I've known people like that too but that don't make the show any better!
 
siarc said:
i thought it was ashcroft/morris & nathan/brooker?

They're both Ashcrofts if one insists on seeing it in this way - Ashcroft's article Rise Of The Idiots is clearly inspired by Brooker's Screen Burn columns.
But see the post I C&Ped earlier - it doesn't matter who's who - WE/THEY'RE ALL CUNTS!
 
Forgive me if this seems a bit too obvious to people but Dan Ashcroft is a big (if not bigger) idiot than Nathan, he just doesn't realise it, or maybe doesn't want to realise it. Plus: everything about his life is really shit.

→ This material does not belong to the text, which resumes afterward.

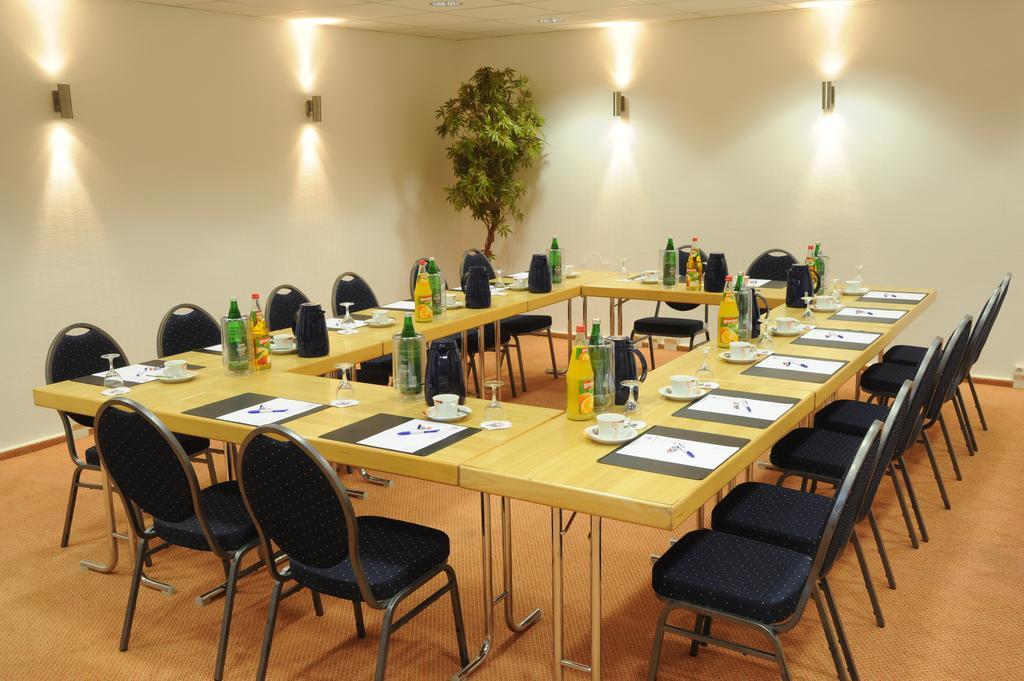 Cityclass Hotel Atrium Budget Leverkusen Konforlar fotoğraf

So - if you say that Charlie Brooker is Dan Ashcroft then what you're saying (in effect) is that he's a total fucking deluded idiot.

Which i think is harsh.

Yeah?
\
kyser_soze said:
Fucking genius piece of comedy this...I'm minded to have a butchers at the old 'Cunt' compilation webpage too

Went through them all on Monday... The small text "Call Kilroy" plays havoc on the eyes thou...
 
akirajoel said:
Forgive me if this seems a bit too obvious to people but Dan Ashcroft is a big (if not bigger) idiot than Nathan, he just doesn't realise it, or maybe doesn't want to realise it. Plus: everything about his life is really shit.

So - if you say that Charlie Brooker is Dan Ashcroft then what you're saying (in effect) is that he's a total fucking deluded idiot.

Which i think is harsh.

Yeah?
But true - you seem to missing the point - that we're all self-deluded arrogant cunts. :rolleyes:
 
akirajoel said:
Forgive me if this seems a bit too obvious to people but Dan Ashcroft is a big (if not bigger) idiot than Nathan, he just doesn't realise it, or maybe doesn't want to realise it. Plus: everything about his life is really shit.
Did you read not read post 13? You're saying this as if it hasn't occurred to anyone else. Which makes you as cuntish as Ashcroft and Barley. And Brooker and Morris. And me for pointing this out.
 
Orang Utan said:
But true - you seem to missing the point - that we're all self-deluded arrogant cunts. :rolleyes:

Whatever. Maybe you are...

Seriously - I'm starting to remember of the bollocks that was spouted on the last Nathan Barley thread. <shudder>

It's a funny show that makes me snigger and cringe with painful recognition.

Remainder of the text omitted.